An algorithm for sorting an array of large objects has arrived; can anyone tell me what this algorithm is called? (couldn't find it on google)

I needed to sort a large array of objects and I thought: could there be a way to minimize the number of swaps?

So, I used quicksort (but any other quick view should work here too) to sort the indices to the elements in the array; indices are cheap to exchange. I then used these indices to swap the actual objects back into place. Unfortunately, O (n) extra space is used to store indexes. The code below illustrates the algorithm (which I call IndexSort ), and in my tests seems to be faster than simple sorting for arrays of large objects.

template <class Itr>
void IndexSort(Itr begin, Itr end)
{
    const size_t count = end - begin;

    // Create indices
    vector<size_t> ind(count);
    iota(ind.begin(), ind.end(), 0);

    // Sort indices
    sort(ind.begin(), ind.end(), [&begin] (const size_t i, const size_t j)
    {
        return begin[i] < begin[j];
    });

    // Create indices to indices. This provides
    // constant time search in the next step.
    vector<size_t> ind2(count);
    for(size_t i = 0; i < count; ++i)
        ind2[ind[i]] = i;

    // Swap the objects into their final places
    for(size_t i = 0; i < count; ++i)
    {
        if( ind[i] == i )
            continue;

        swap(begin[i], begin[ind[i]]);

        const size_t j = ind[i];

        swap(ind[i], ind[ind2[i]]);
        swap(ind2[i], ind2[j]);
    }
}

      

Now I have measured swaps (of large objects) done with both quicksort and IndexSort and found that quicksort does a lot more swaps. So I know why IndexSort can be faster.
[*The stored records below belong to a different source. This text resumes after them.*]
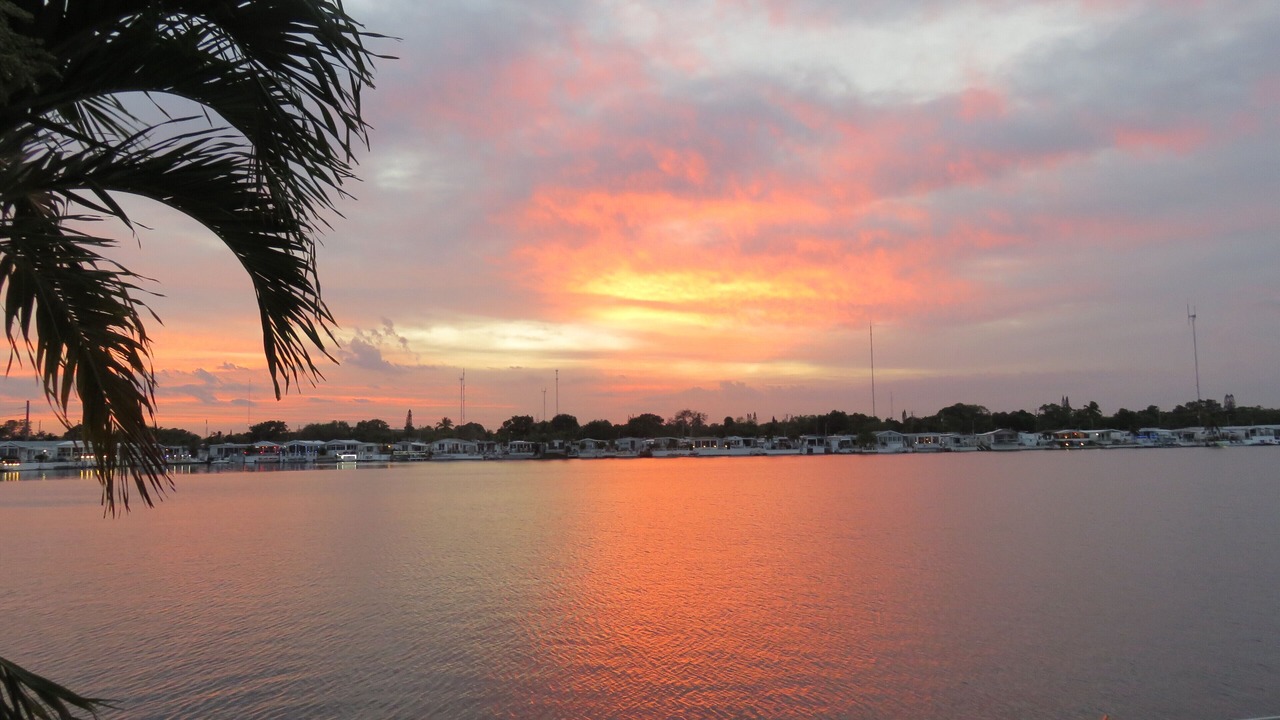 Photo of Others in Pembroke Park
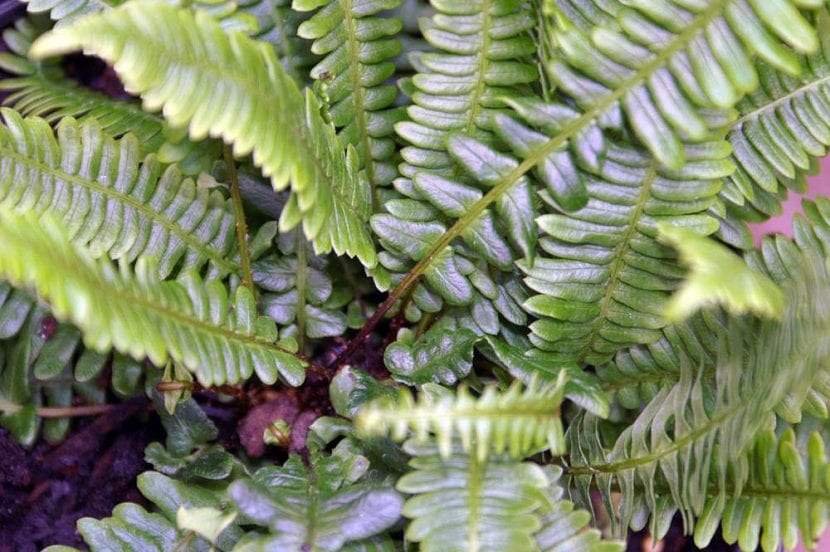 Vista del Blechnum spicant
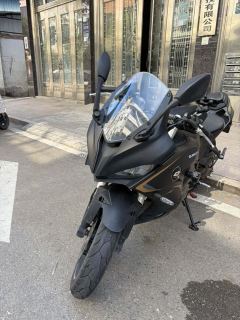 QJMOTOR SRK 250 - фото 1
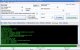 Paint.NET Image.JPG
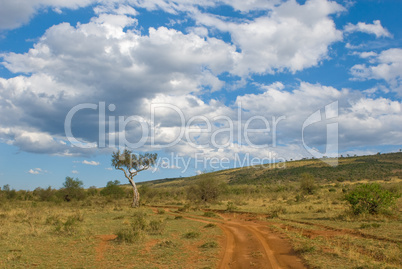 countryside road, green grass and blue sky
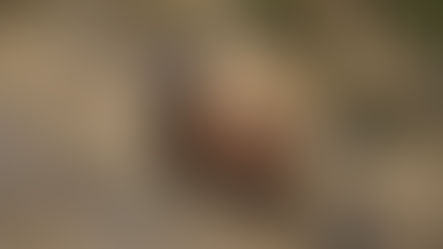 🦌 La Brama del Cérvol en el Pirineo: un espectáculo único cerca de Espot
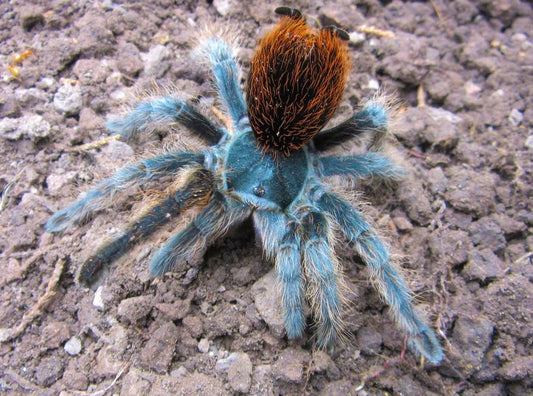 Aphonopelma marxi adult female tarantula - the American blue fuego tarantula 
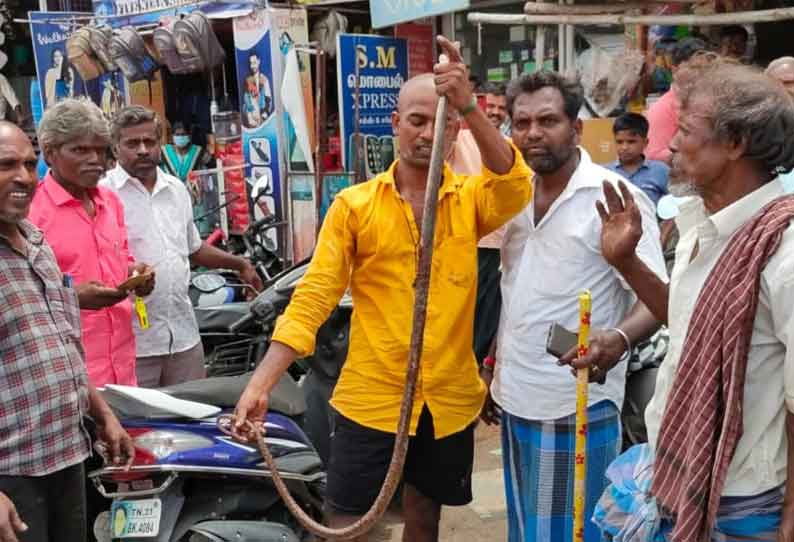 ஸ்கூட்டருக்குள் புகுந்த சாரைப்பாம்பு பிடிபட்டது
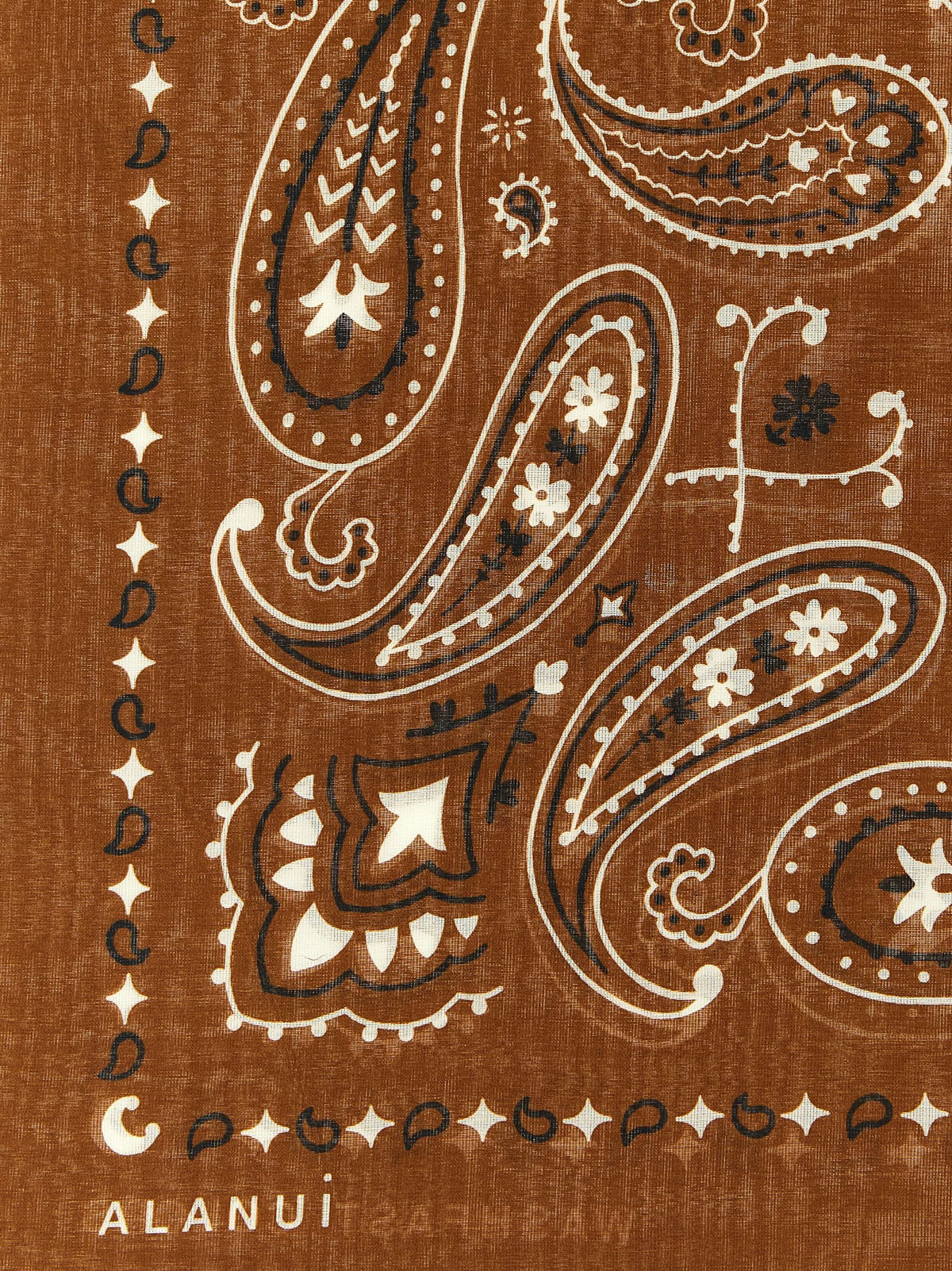 Bandana Paisley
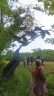 04 05 simorre 23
But can someone with more academic background explain why / how this algorithm actually works? (this is not intuitive to me, although I somehow came up with it).

Thank!

Edit: The following code was used to check the IndexSort results

// A class whose objects will be large
struct A
{
    int id;
    char data[1024];

    // Use the id to compare less than ordering (for simplicity)
    bool operator < (const A &other) const
    {
        return id < other.id;
    }

    // Copy assign all data from another object
    void operator = (const A &other)
    {
        memcpy(this, &other, sizeof(A));
    }
};

int main()
{
    const size_t arrSize = 1000000;

    // Create an array of objects to be sorted
    vector<A> randArray(arrSize);
    for( auto &item: randArray )
        item.id = rand();

    // arr1 will be sorted using quicksort
    vector<A> arr1(arrSize);
    copy(randArray.begin(), randArray.end(), arr1.begin());

    // arr2 will be sorted using IndexSort
    vector<A> arr2(arrSize);
    copy(randArray.begin(), randArray.end(), arr2.begin());

    {
        // Measure time for this
        sort(arr1.begin(), arr1.end());
    }

    {
        // Measure time for this
        IndexSort(arr2.begin(), arr2.end());
    }

    // Check if IndexSort yielded the same result as quicksort
    if( memcmp(arr1.data(), arr2.data(), sizeof(A) * arr1.size()) != 0 )
        cout << "sort failed" << endl;

    return 0;
}

      

Edit: Made the test less pathological; reduced the size of the large object class to 1,024 bytes (plus one int) and increased the number of objects to be sorted to a million. This still makes IndexSort significantly faster than quicksort.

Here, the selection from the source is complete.